01-11-2013, 03:09 PM #9
SurrealOne, if you search for the MN DNR ORV rules book they explain it in there although there are no cites.
I believe the underlying law isn't about off-road trucks specifically but any kind of "malicious destruction" of wetlands. It is most typically used to prosecute farmers, loggers, and developers who drain small areas without proper permits and hope to escape notice.
We also have regulations from the DNR that you can't drive below the ordinary high-water level of any lake or stream. These aren't laws per se but have the same effect; the DNR has broad powers to regulate lakes and streams, including shoreline, no matter who owns it. The two main changes this has created are that it is now unlawful to ford a stream in a 4x4, and it is now unlawful to launch a boat from a boat trailer except at an improved launching site constructed under a DNR permit.

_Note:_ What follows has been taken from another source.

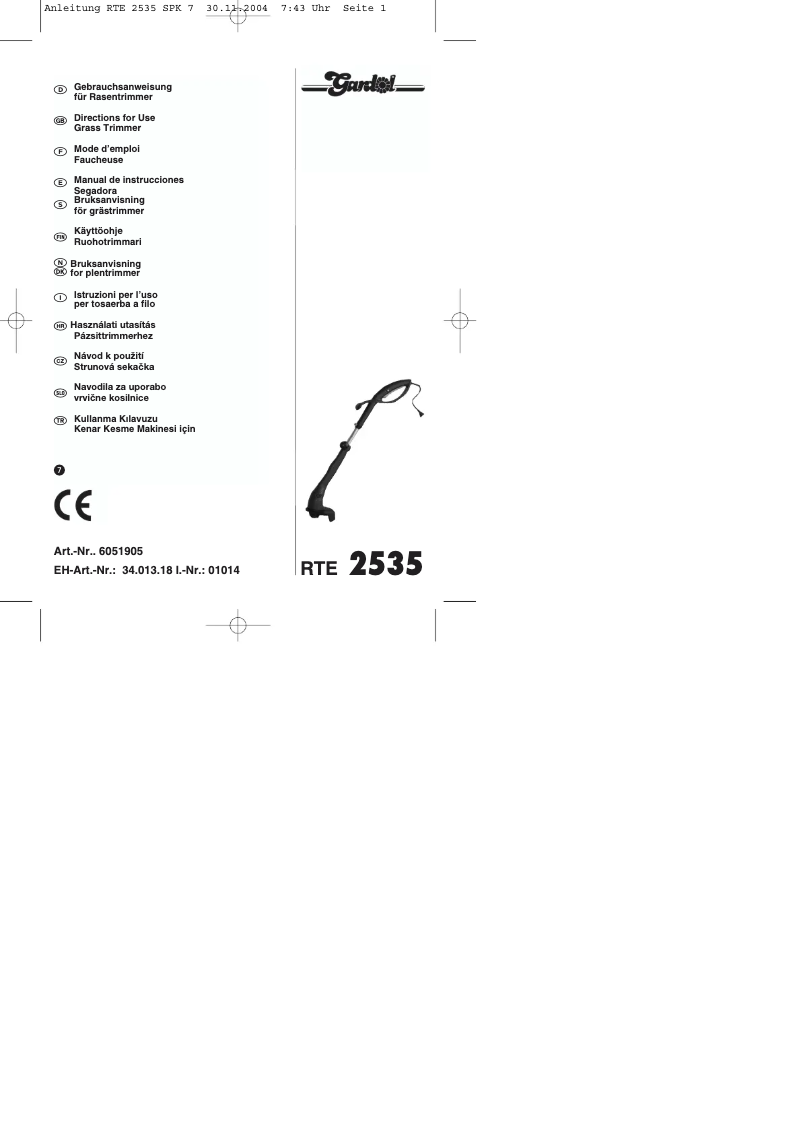 Page 1 of the manual User Manual Hurricane HRT 35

There was a story about two years ago of someone hosting a "mud hole" type event who was prosecuted. Neighbors were upset about the noise and as is so often the case the environmental laws provided the biggest stick, and they complained to friends in the DNR.
- - - Updated - - -
1) You can be charged with DUI for driving your own truck (or much of anything else) on your own land. Prosecutions of people operating lawn mowers, golf carts, and backhoes happen every year. A couple years ago there was a guy who was busted for driving a la-z-boy recliner while drunk (the running gear from a lawn mower had been added to it to make it mobile).
2) You can be charged with reckless driving on your own land away from any roads (and prosecutions are common though charges are usually reduced to something trivial unless someone got hurt)
3) You must have a drivers license to drive a car or truck even on your own private land (comes up occasionally when someone has had their driver's license suspended due to DUIs and the cops can't prove they were behind the wheel on a public road)
4) You need five permits to put in or repair a culvert or bridge across a little stream even if you own the land on both sides. Township board, DNR fisheries division, soil and water conservation district, army corps of engineers, county planning and zoning. They require aerial photos and a hydraulic analysis. Ask me how I know.
01-11-2013, 03:57 PM #10
The term 'malicious destruction' requires malicious intent. It's very easy to argue a lack of malicious intent when 4x4'ing on your own turf, so if I lived in MN I wouldn't sweat that.
As for the other items you mention, that's ridiculous.